Berita Pajak
Aturan Pajak Jasa Katering Dipertegas
Harian Kontan, 25 February 2015
Ketentuan baru ini tertuang dalam Peraturan Menteri Keuangan (PMK) Nomor 18/PMK.010/2015 tentang Kriteria Jasa Boga atau Katering yang Termasuk dalam Jenis Jasa yang Tidak Dikenai Pajak Pertambahan Nilai (PPN). Inti dari beleid yang terbit 2 Februari lalu adalah jasa katering terbebas dari pungutan PPN sebesar 10%.
Cuma sejatinya, pembebasan pajak ini sudah berlaku sejak tahun 2010. Mengacu Undang-Undang (UU) Nomor 42 Tahun 2009 tentang PPN dan Pajak Penjualan atas Barang Mewah (PPnBM), jasa katering bukan merupakan objek PPN. Sebab, usaha ini sudah terkena retribusi daerah sesuai UU No 28/2009 tentang Pajak Daerah dan Retribusi Daerah (PDRD).
PMK No 18/PMK.010/2015 juga memuat pengertian mengenai jasa katering. Menurut peraturan ini, jasa katering merupakan jasa penyediaan makanan dan minuman yang dilengkapi dengan peralatan dan perlengkapan untuk proses pembuatan, penyimpanan, dan penyajian, lalu disajikan di lokasi yang diinginkan oleh pemesan. Penyajian makanan dan minuman ini bisa dilakukan dengan atau tanpa peralatan dan petugasnya.

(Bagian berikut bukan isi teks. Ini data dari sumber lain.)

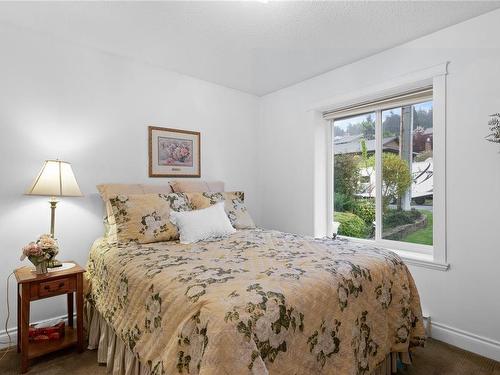 1447 Rose Ann Dr, Nanaimo, BC - Indoor Photo Showing Bedroom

Nah, yang tidak termasuk dalam pengertian jasa katering adalah penjualan makanan dan minuman yang dilakukan melalui tempat penjualan berupa toko, kios, dan sejenisnya, baik penjualan secara langsung maupun tidak langsung.
"Kalau di UU PPN dan PPnBM hanya disebutkan jasa boga atau katering, tapi tidak dijelaskan secara detail identifikasinya," kata Irawan, Direktur Peraturan Perpajakan I Ditjen Pajak, Senin (23/2).
Akibat tidak ada penjelasan secara detail mengenai jasa katering, ada pemda yang salah menafsirkan. Contoh, menganggap toko kue sebagai bagian dari usaha jasa katering.
"Padahal, toko kue termasuk ritel. Dalam hal ini ritel kena PPN," ujar Irawan. Alhasil, pemilik toko kue bisa terkena pajak dobel. Selain retribusi daerah yang besarnya sekitar 10%, mereka juga dipungut PPN 10%. Pungutan dobel ini yang selama ini dikeluhkan toko kue.
Dengan kelahiran PMK No.18/PMK.010/2015, Ditjen Pajak Berharap berbagai pihak mendapatkan penjelasan lebih gamblang mengenai kriteria jasa boga. Dengan demikian, kesalahpahaman pemungutan PPN dan retribusi daerah tidak terjadi lagi.
Yustinus Prastowo, Direktur Eksekutif Center for Indonesia Taxation Analysis (CITA) Jakarta, bilang, memang banyak kasus tarik-menarik antara Ditjen Pajak dan pemda. Bahkan, pelaku usaha cenderung lebih memilih kena retribusi daerah ketimbang PPN. "Karena PPN sistemnya lebih baik dibandingkan pemda, sehingga lebih sulit dipermainkan," ungkap dia.
Jadi, pemerintah memang perlu membuat klasifikasi bidang usaha yang lebih terang. Walhasil, tarik-menarik tersebut bisa terhindarkan.